▶ [TASK PROMPT] Exclude the pictures. Transcribe exactly, and only, the lines from the one holding "COMPLIMENTARY VEHICLE HEALTH CHECK ICON" to the end of the material below.

▶ [GIVEN DATA]
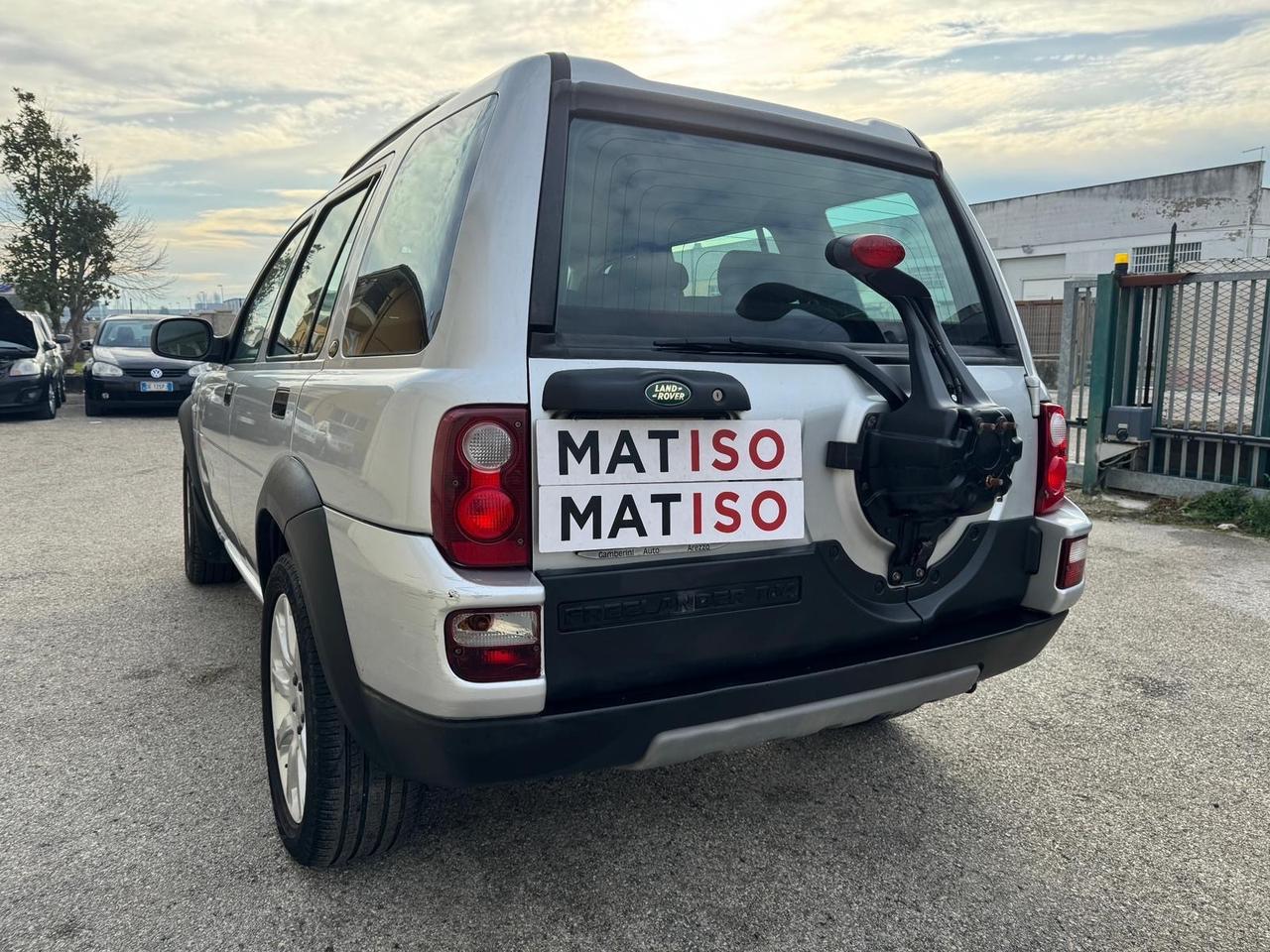 Land Rover Freelander 2.0 Td4 catena rumorosa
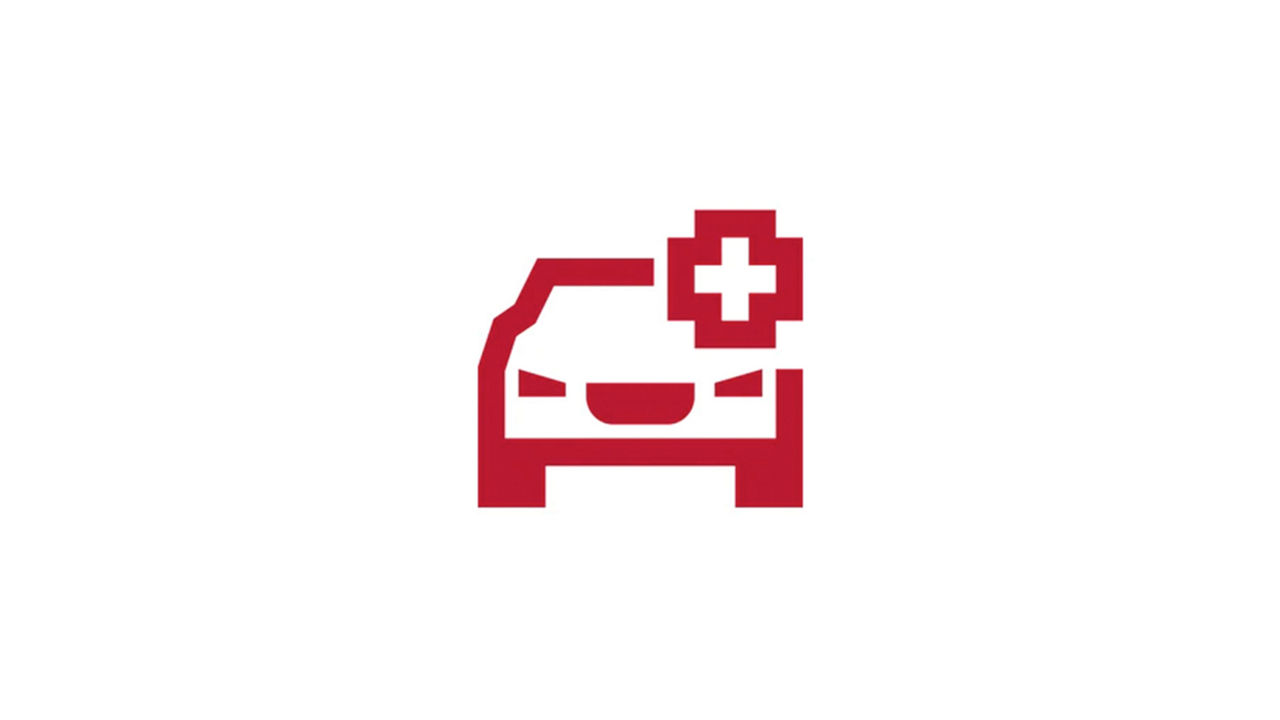 COMPLIMENTARY VEHICLE HEALTH CHECK ICON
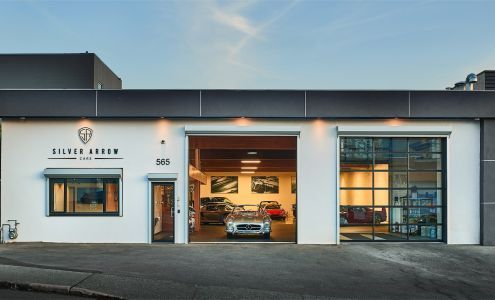 Silver Arrow Cars Ltd.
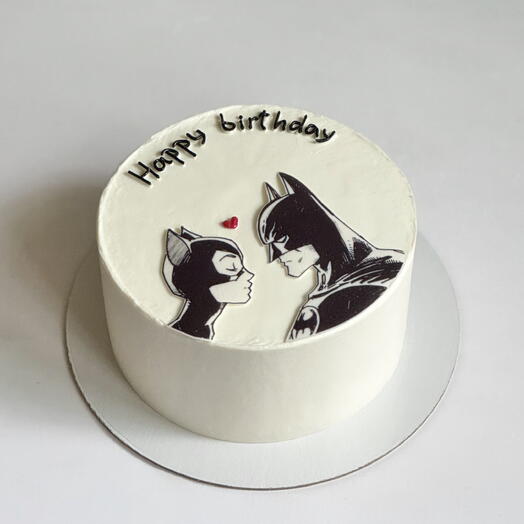 Berry nice Cake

▶ [TASK SOLUTION]
 COMPLIMENTARY VEHICLE HEALTH CHECK ICON
 Silver Arrow Cars Ltd.
 Berry nice Cake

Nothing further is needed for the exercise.